**Task description:** Nothing but an exact copy is asked for: the lines in the material below from the one with "Colorful gemstone bracelet" through the one with "5 x 100g Sockenwolle", pictures excluded.

**Supplied records:**
####################

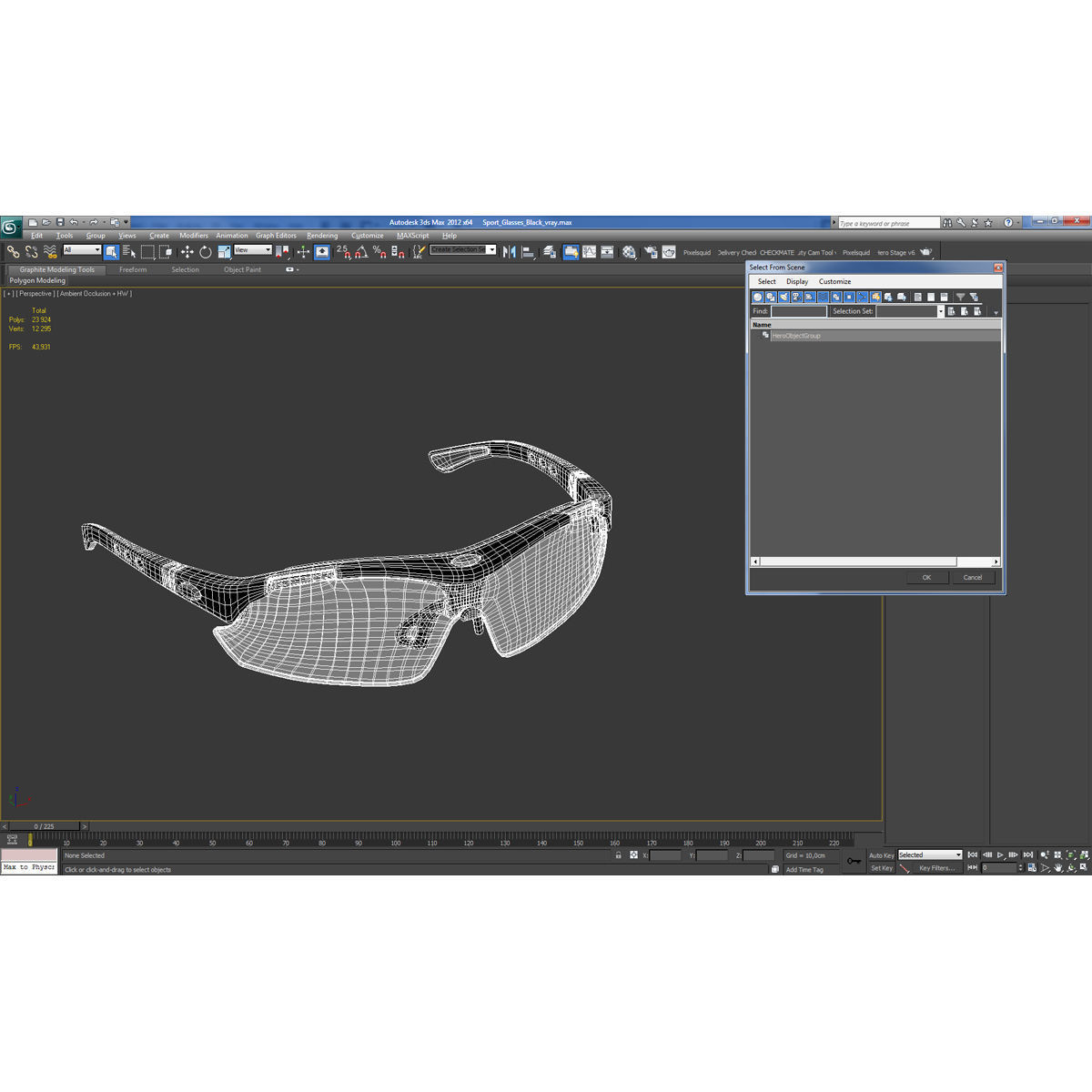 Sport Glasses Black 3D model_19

####################

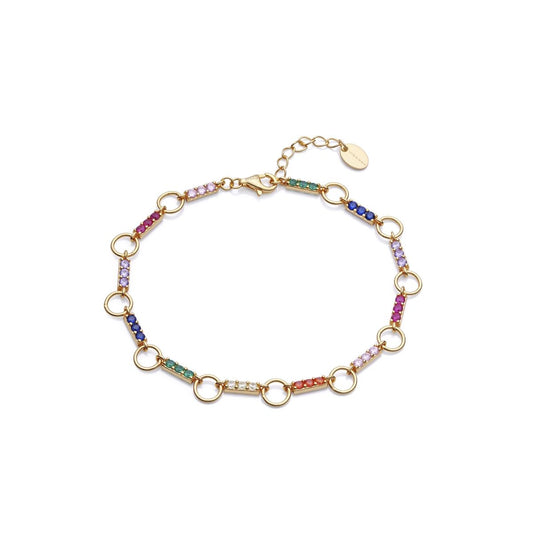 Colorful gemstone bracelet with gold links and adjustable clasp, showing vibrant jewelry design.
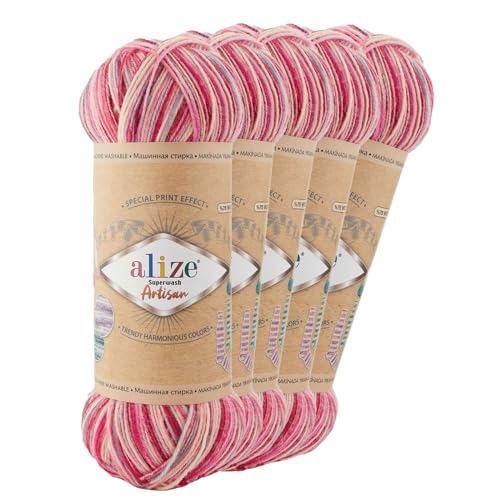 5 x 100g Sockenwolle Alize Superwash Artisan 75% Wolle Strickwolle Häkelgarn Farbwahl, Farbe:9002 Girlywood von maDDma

####################

**Your response:**
 Colorful gemstone bracelet with gold links and adjustable clasp, showing vibrant jewelry design.
 5 x 100g Sockenwolle Alize Superwash Artisan 75% Wolle Strickwolle Häkelgarn Farbwahl, Farbe:9002 Girlywood von maDDma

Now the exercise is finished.